Silvi Jan (; born 27 October 1973) an Israeli former footballer who played as a striker. With 29 goals, she is the all-time Israel national team top goalscorer.

Club career
Jan played school football in Netanya, and was part of the boys' football team of Shorashim school. As there was no women's league, Jan tried to find an active team in Europe, eventually signing with Kolbotn I.L. in Norway. In 1999, with the establishment of the Israeli Women's League, Jan returned to Israel and signed with Hapoel Tel Aviv.

Jan played at Hapoel Tel Aviv for four seasons, until the team folded, winning the league and cup in 2000–01. After Hapoel Tel Aviv folded, Jan signed with Maccabi Holon, where she played until her retirement in 2007. With Maccabi Holon Jan won the league 4 times and the cup 5 times.
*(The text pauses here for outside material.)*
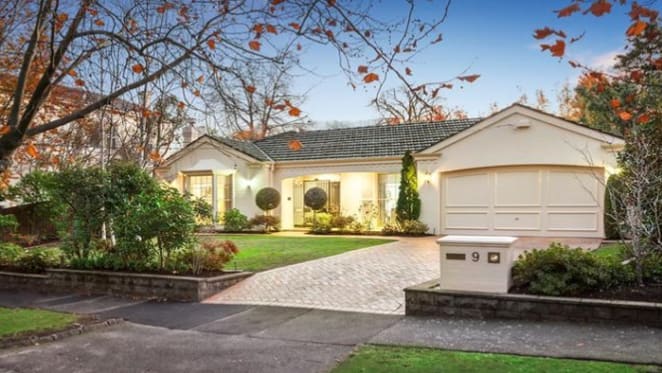 Clash between locals and Chinese buyers re-emerges in Melbourne's Canterbury: Mal James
In January 2009, Jan returned to league action and joined ASA Tel Aviv University. On 21 February 2012, in a league match against her former club, Maccabi Holon, Jan scored her 1000th goal in all club and national team competitions. Jan played at ASA Tel Aviv until her retirement in May 2012. With ASA Tel Aviv Jan Jan won three championships and two cups. Jan scored a total of 1,010 goals in all competitions.

International career
Silvi Jan has been a striker for the Israel national team for many years, appearing in 23 matches and scoring 29 goals. Jan made her debut against Romania on 2 November 1997, and scored her debut goal against Bosnia and Herzegovina on 8 April 2008, one of four she scored on the day.

Her last international goal was also scored against Bosnia and Herzegovina, in a match played on 23 November 2006, in which Israel won 5–2. Jan made her last international appearance against Poland on 10 May 2007.

Personal life
Jan came out as a lesbian in December 2017. She got engaged to her partner in November the following year.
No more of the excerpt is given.